··· INFORMATION PROVIDED ···

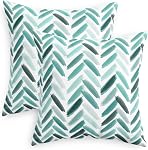CaliTime Throw Pillow Cases Pack of 2 Cozy Fleece Abstract Brushwork Arrow Decorative Cushion Covers for Couch Bed Sofa Farmhouse Decoration 18 X 18 Inches Smoke Blue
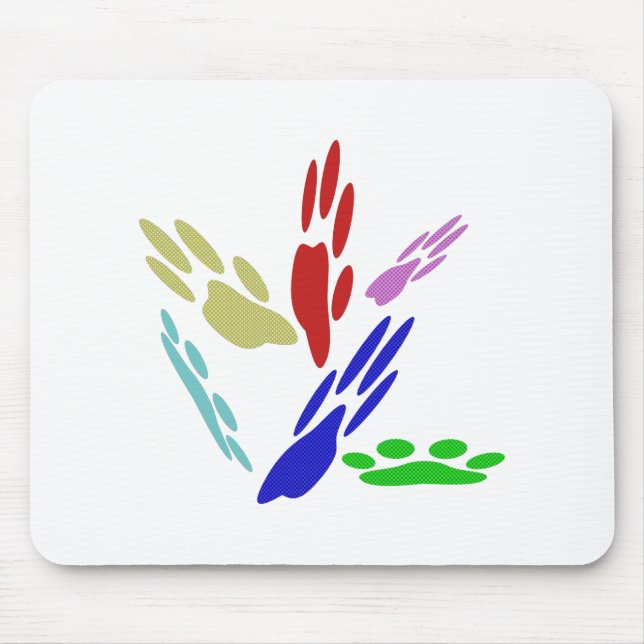 Hund Tass avtryck med Polka dots Musmatta (Framsidan)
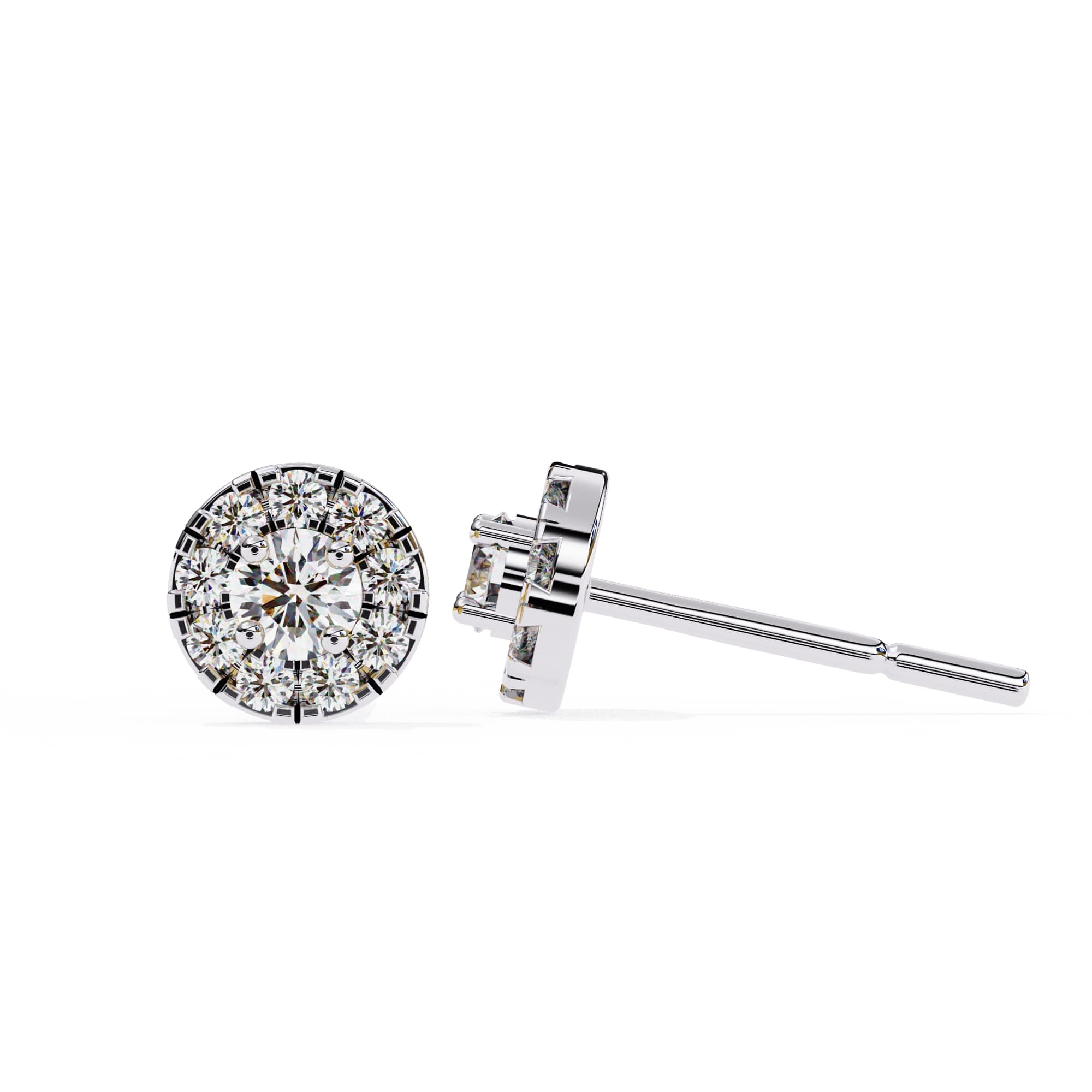Round Brilliant Cluster Diamond Stud Earrings Halo Style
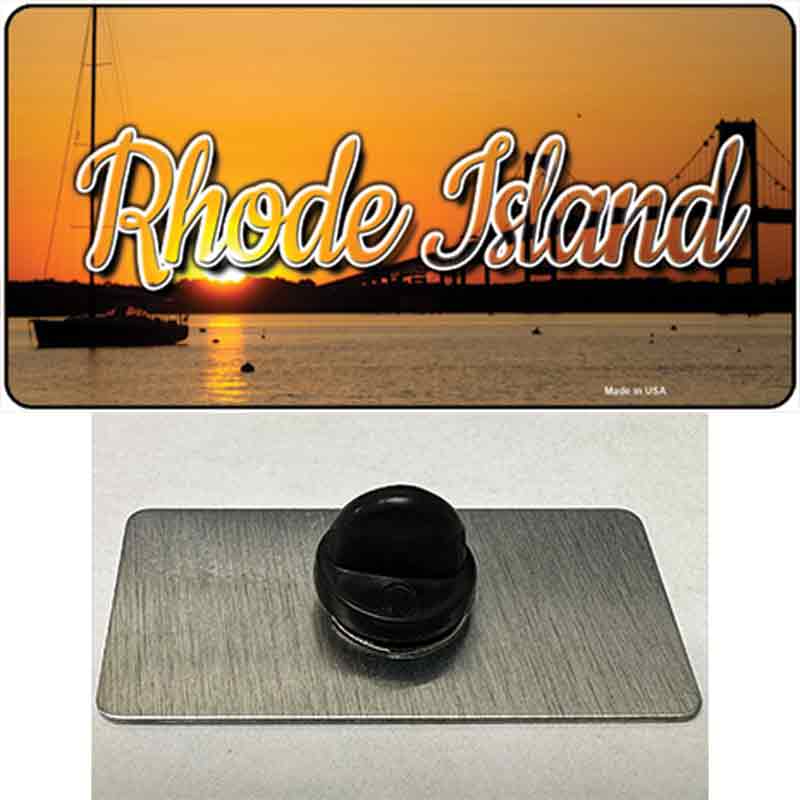 PIN-LP-11628 1.5 x 0.75 in. Rhode Island River Sunset State Novelty Rectangle Metal Hat Pin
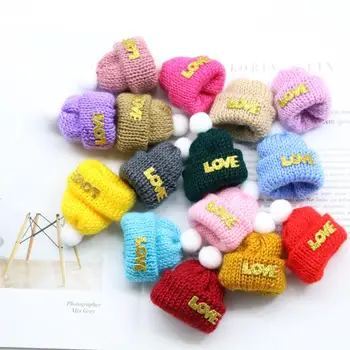 10stk koreansk Mini Kærlighed Hårbold Strikkede Hat DIY Håndlavet Broche Sweater Badge Tøjet Dekoration Dukker Tilbehør Jul Hat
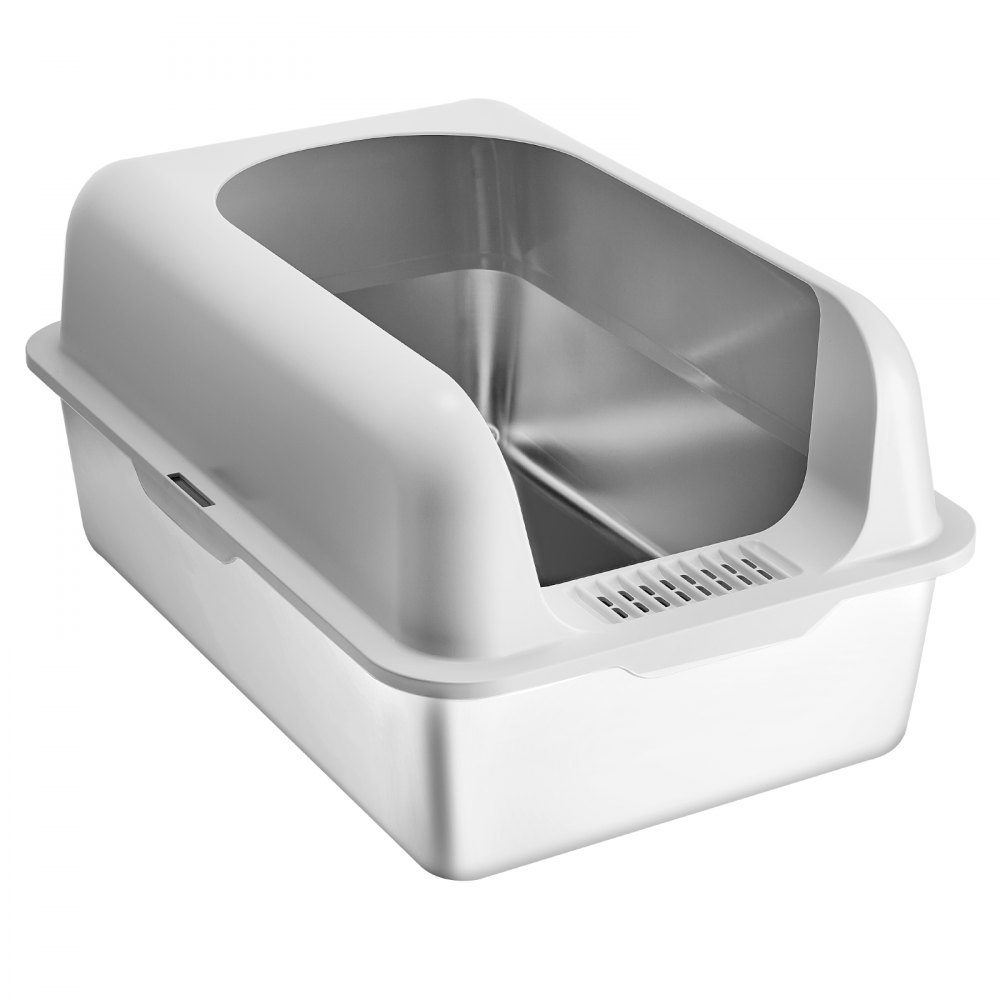Litter Box 6" Deep XL Extra Large Stainless Steel Litter Box with Scoop Wide Filter Base and High Sides Closed Odor Free Easy Clean Litter Box Suitable for Large Cats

···

### EXERCISE DIRECTIONS
Every line above should be returned exactly; the pictures stay out.

### PROBLEM SOLUTION
CaliTime Throw Pillow Cases Pack of 2 Cozy Fleece Abstract Brushwork Arrow Decorative Cushion Covers for Couch Bed Sofa Farmhouse Decoration 18 X 18 Inches Smoke Blue
 Hund Tass avtryck med Polka dots Musmatta (Framsidan)
Round Brilliant Cluster Diamond Stud Earrings Halo Style
 PIN-LP-11628 1.5 x 0.75 in. Rhode Island River Sunset State Novelty Rectangle Metal Hat Pin
 10stk koreansk Mini Kærlighed Hårbold Strikkede Hat DIY Håndlavet Broche Sweater Badge Tøjet Dekoration Dukker Tilbehør Jul Hat
Litter Box 6" Deep XL Extra Large Stainless Steel Litter Box with Scoop Wide Filter Base and High Sides Closed Odor Free Easy Clean Litter Box Suitable for Large Cats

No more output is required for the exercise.